Winemaking requires knowledge, but also love and meráki. Winemakers must use their knowledge, raw materials, and modern technology effectively in order to achieve great results worthy of their efforts.
Winemakers must love what they do. They are required to give their best by making effective use of their knowledge, raw materials, and modern technology in order to achieve great results worthy of their efforts. They need to prove to themselves that a year of hard work was not in vain, but that it produced a successful outcome.
Vinification is a process responsible for the aroma, taste, body, colour and duration of a wine. It is the transition phase from grape to wine. It is a ritual. And the wine is a living being; it is born, it grows and it matures. It reveals its personality at every stage, giving you the opportunity to enjoy every single moment. Wine is also like a woman; in the beginning she is petite, restless, fresh, undeveloped yet. Then, adolescence marks her first step towards maturity. As she grows, she becomes sensible; and as she matures, she becomes wiser.
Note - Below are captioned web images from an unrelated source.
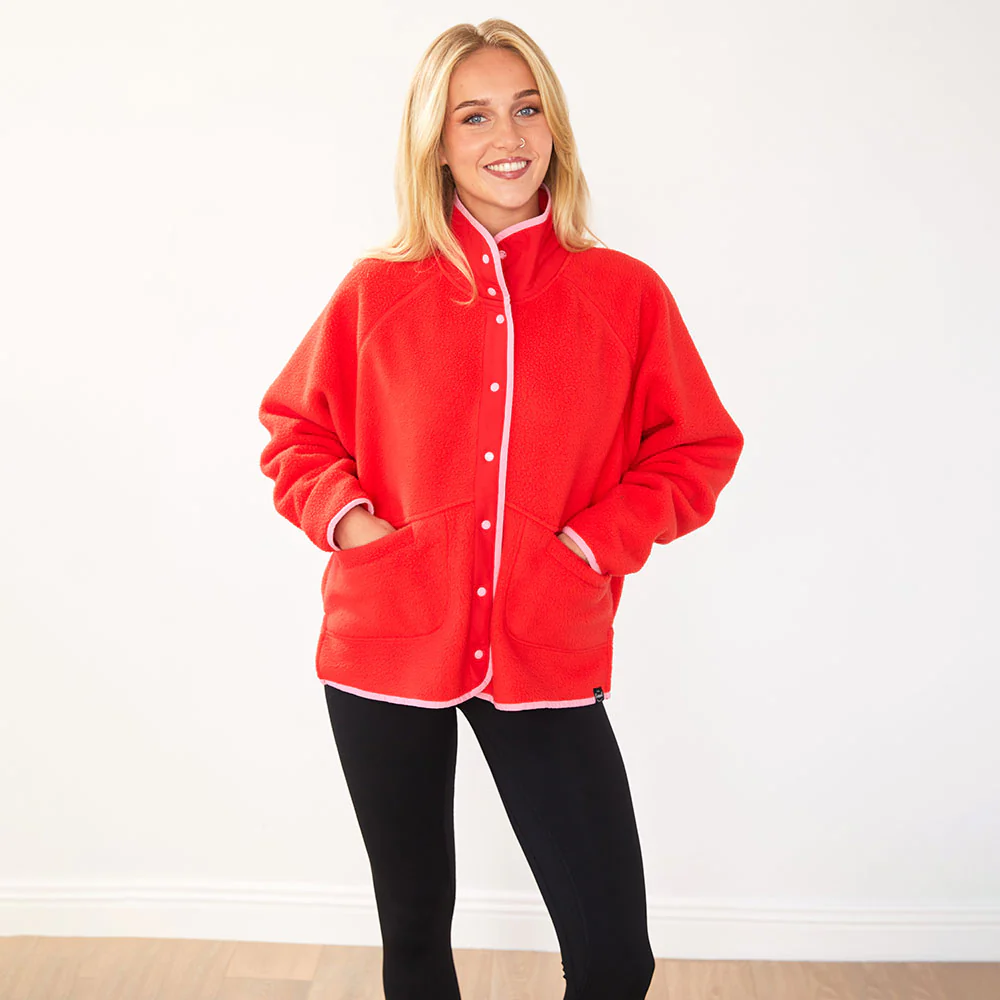 Molly Fleece Jacket (Coral Red/Pink Trim) - Image 8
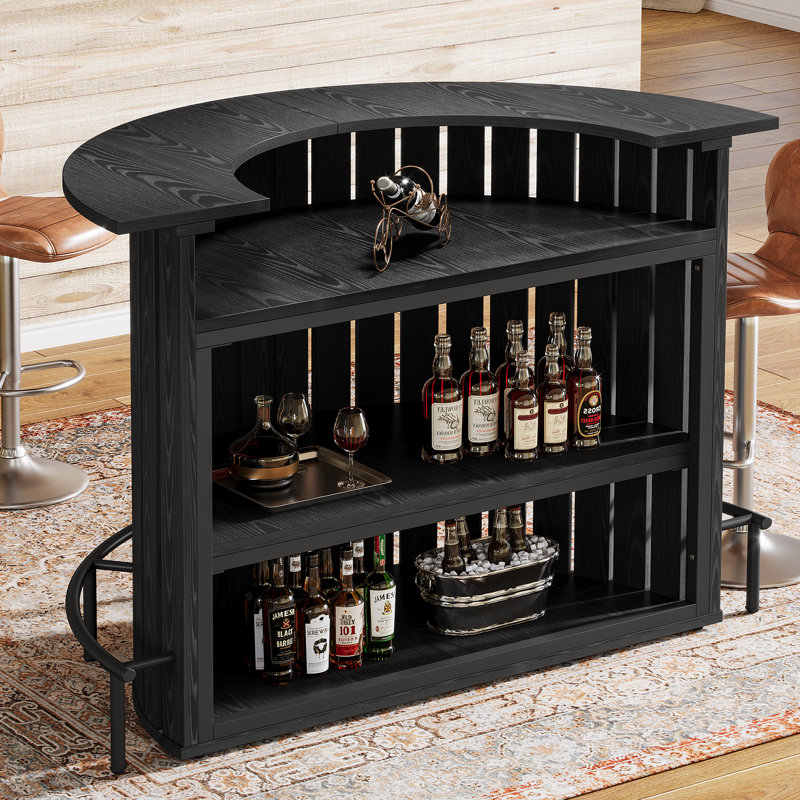 Table de bar à 4 niveaux, mini table de bar en forme d'arc avec repose-pieds, Noir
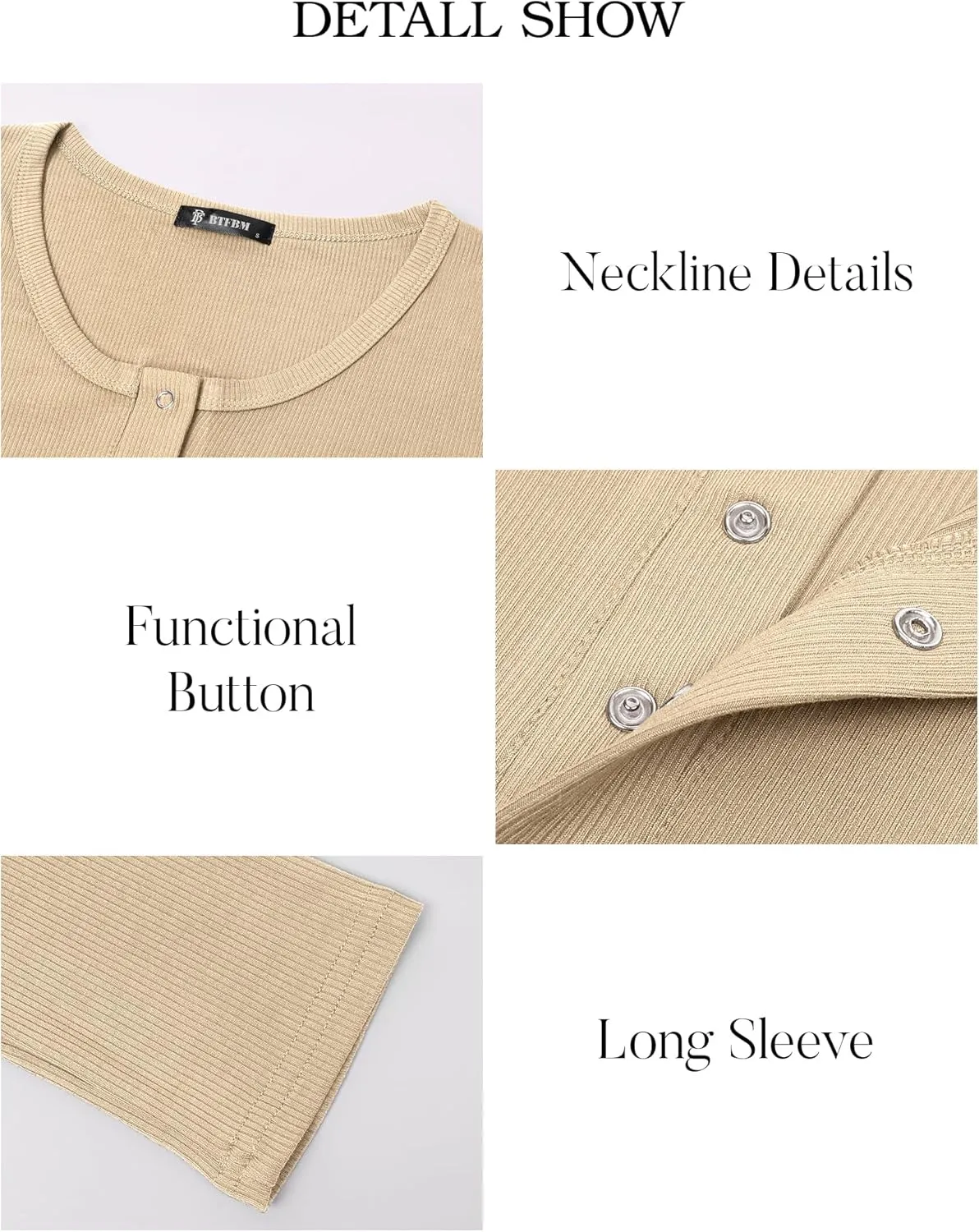 BTFBM Women Long Sleeve Shirts Fall Tops V Neck Button Up Slim Fit Ribbed Knit Solid Color Casual Shirts 2025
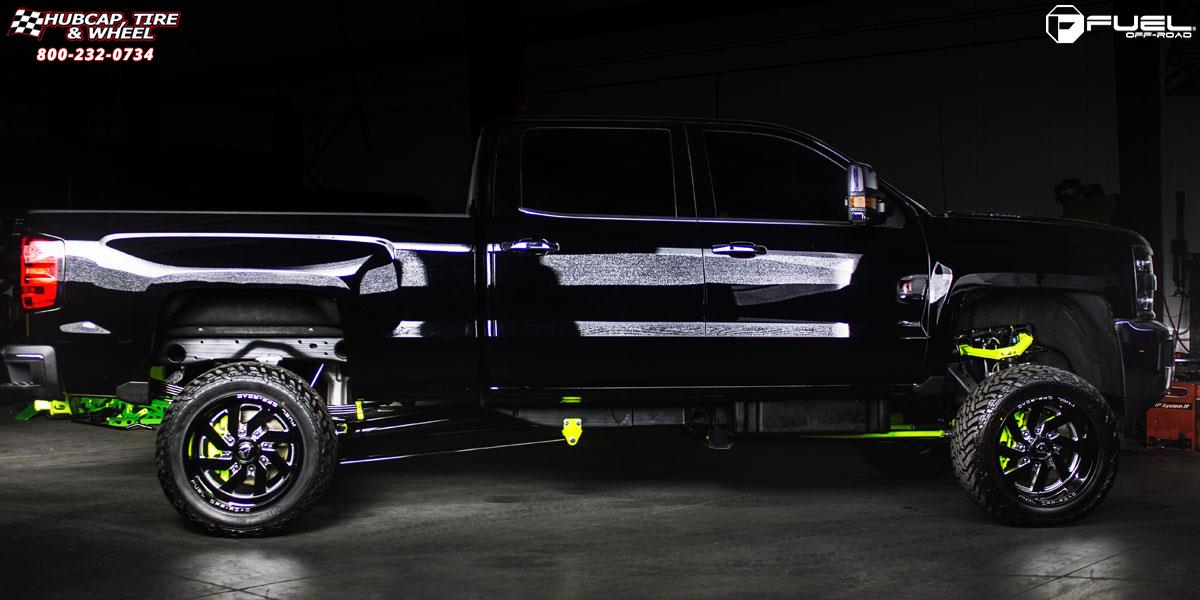 vehicle gallery/chevrolet silverado 2500 fuel turbo d582 20X10  Black & Milled wheels and rims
It is not until a winemaker feels the velvety taste, the aroma and the texture of the wine he created that he feels complete.
In our laboratory, we analyse the properties of grape juice and the wine we produce. Our facilities and equipment enable us to run tests and learn more about the hidden secrets of grapes and wine. The laboratory is an important part of any winery.
Here we can standardise our products with the use of the latest technologies in bottling equipment. We put forth our best effort to provide great appearance, excellent condition and aesthetic quality in marketing our products.
Located beneath the winery, the cellar is insulated and equipped with a cooling unit that maintains a constant temperature level of 14º C. It also has a ventilation system to provide fresh air.
High-quality white and dry red wines, as well as the most distinctive wine of Santorini, Vinsanto, are aged here. The aging process takes place in 250lt and 500lt oak barrels made in Greece, France and the USA.
Archaeological excavations at Akrotiri provide evidence that the cultivation of vineyards in Santorini dates back 3.500 years.
What makes the vineyards in Santorini unique is their particular soil. The soil of volcanic origin has a minimum amount of organic matter and is poor in nutrients.
Pumice traps humidity during night time and early morning hours. It functions as a water tank, firstly by storing water and then by distributing the necessary amount of water to the vineyards.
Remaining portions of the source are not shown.